The Pygmalion Problem


Just how much is your performance shaped by the way your boss talks to you? To what extent are our behaviors, attitudes, and identities simply a reflection of somebody else’s expectations?

This been the subject of controversy since at least 1968, when Robert Rosenthal and Lenore Jackson published their book Pygmalion in the Classroom. In it, Rosenthal and Jackson described studies in which first and second grade teachers seemed to treat students differently based on how smart they believed each child to be, which in turn had a direct impact on that child’s actual performance. This held true even when researchers lied to the teachers about the children’s intelligence—children who were labeled as gifted were treated as such and still performed as such, independently from their actual IQs.

The following year, J. Sterling Livingston wrote his now-legendary article for the Harvard Business Review, “Pygmalion in Management.” Citing several studies, Livingston asserted that the same held true in the workplace: when managers expected more from their employees, those employees tended to deliver. Expectations set tone, and tone had a powerful impact on the entire work culture. As with any new concept in the business world, he was sure to coin a catchy term: the Pygmalion Effect.

Could your boss turn your whole office around if only he or she believed in you guys a little more? Could it really be that simple?

Well, probably not.

As Katherine Ellison discusses in her piece “Being Honest About The Pygmalion Effect,” there has always been plenty of pushback to Rosenthal and Jackson’s work. For one thing, the phenomenon seems to only work when the cues are entirely subconscious. In later versions of the study, telling the teachers that it was important to treat their students like smart kids did not yield meaningful results; the teachers had to truly believe the children possessed high IQs, in this case because they were lied to. Apparently, the proper signals were sent only when the teachers had no idea it was happening. 

In other words, a boss who routinely underestimates their workers is unlikely to study the Pygmalion Effect at a corporate retreat and come back with renewed ability to inspire. He or she has likely already formed an opinion about you—right or wrong—and you can’t mirror the results of the original study without somehow bringing in a researcher to make the case for your super-competency and get that positive feedback loop rolling.

So, where do we go from here?

Perhaps the secret moral of the story is to remember that the entire concept IQ is hogwash. As Carol Dweck ably demonstrated in her book Mindset, our level of intelligence, our potential to learn and achieve, is not a static, fixed trait that can be measured with a single number. The best way to improve performance—from children or employees—is to reject these binary labels entirely, and to create an environment that allows for growth and genuinely rewards embracing challenges.

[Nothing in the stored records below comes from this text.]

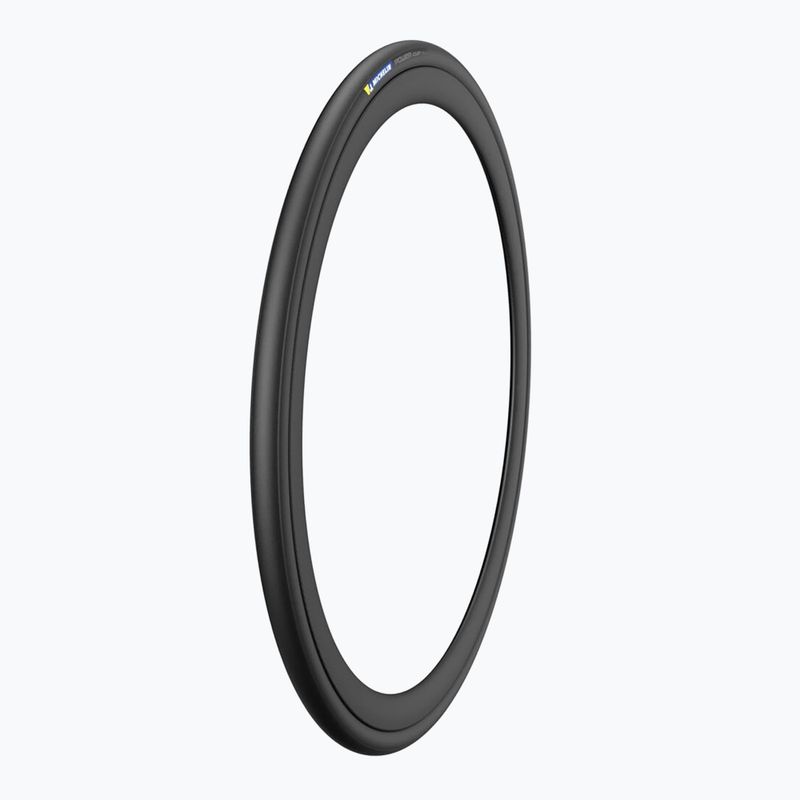 Pneumatico per bicicletta Michelin Power Cup TS TLR Competition Line 700 x 30C nero 2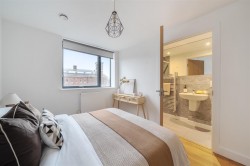 Images for Trinity Court, Southernhay East, Exeter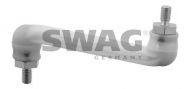 Стойка SWAG 10 79 0069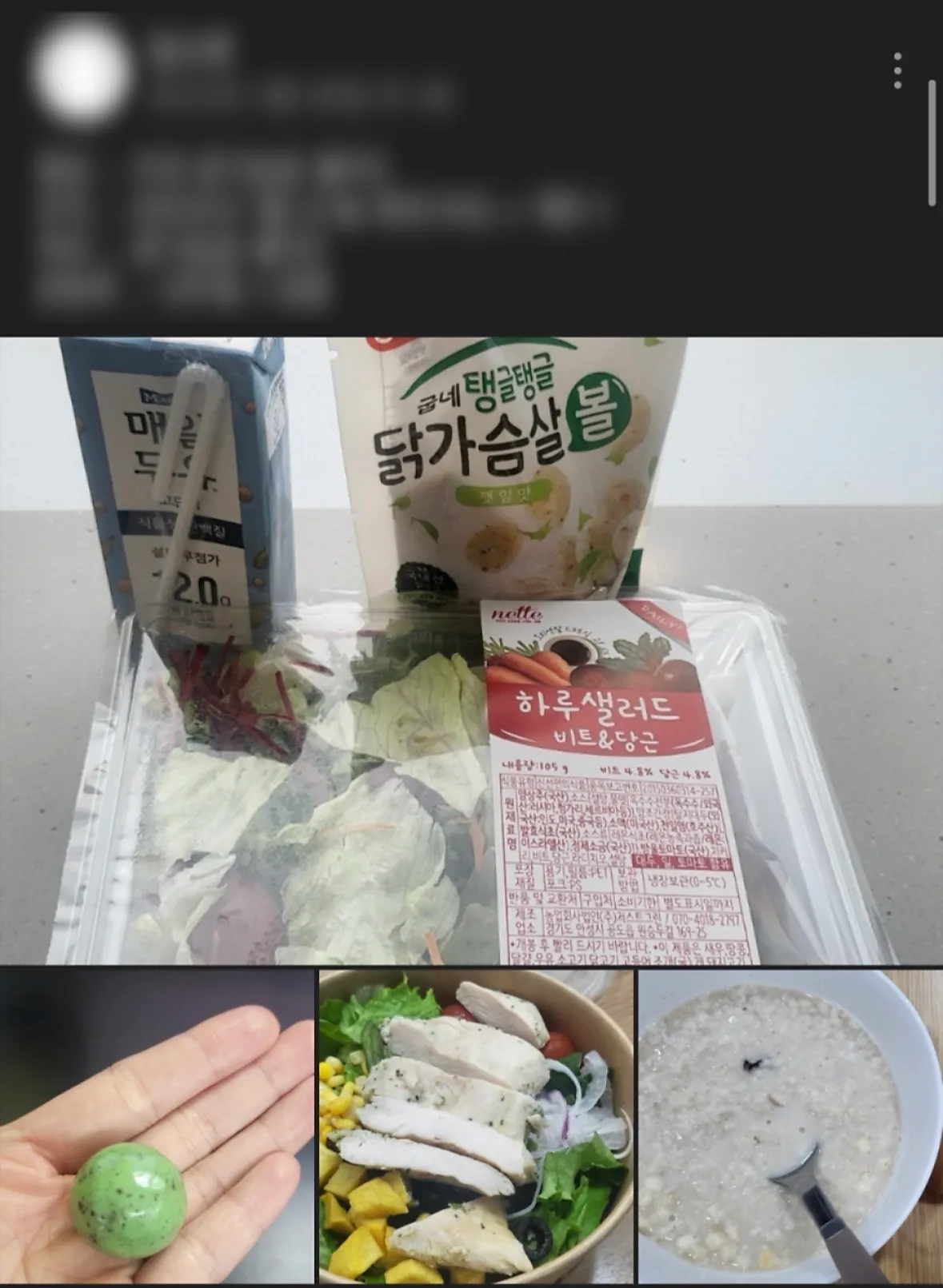 이미지 20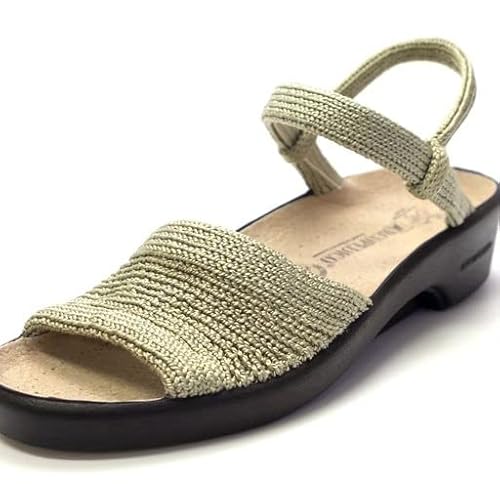 [ARyfBR] T_ SHARP fB[X 24.5 cm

Some critics of the Pygmalion Effect have advanced the arguably more empowering “Galatea Effect,” which suggests that the real secret is to set your own high expectations. By pursuing loftier goals, the theory goes, you will strive harder, creating your own positive self-fulfilling prophesy. However, again, we seem to run into danger of oversimplifying. And as a management technique, this seems difficult to implement: how do you force your employees to believe in themselves? Inspirational posters can only do so much.

It is not just a matter of dreaming big (as you stand at the top of a majestic mountain, arms outstretched, with a glorious sunset in the background). Dweck’s work suggests that people can’t reach their full potential without being willing to sometimes fail. Stretching yourself means taking risks, and not every risk pans out; that’s why they’re called “risks.” 

Perhaps when a student or a worker is labeled as exceptional in a Pygmalion study, the people in charge don't just expect more, but paradoxically, show greater patience when the learning curve rears its ugly head. A "low IQ" child who doesn't instantly grasp a concept may be dismissed as "stupid," but a child who has been labeled gifted, struggling in the exact same way, may come off more like a sensitive eccentric who just needs a little more time to get up to speed.

In other words, being a truly effective boss isn’t a mere matter of setting big goals. Great leaders see their team as capable of great things, but they also know that to create lasting, sustainable success, you must send the message that triumph is within reach, but sometimes the journey may get a little messy—and that’s okay. There must be room to soar, but also room to occasionally crash, get back up, and learn from the fall.

In other words, the most effective bosses may be the ones who respect their employees, while also still seeing them as, well, human beings.


Okay, maybe it is kind of simple after all.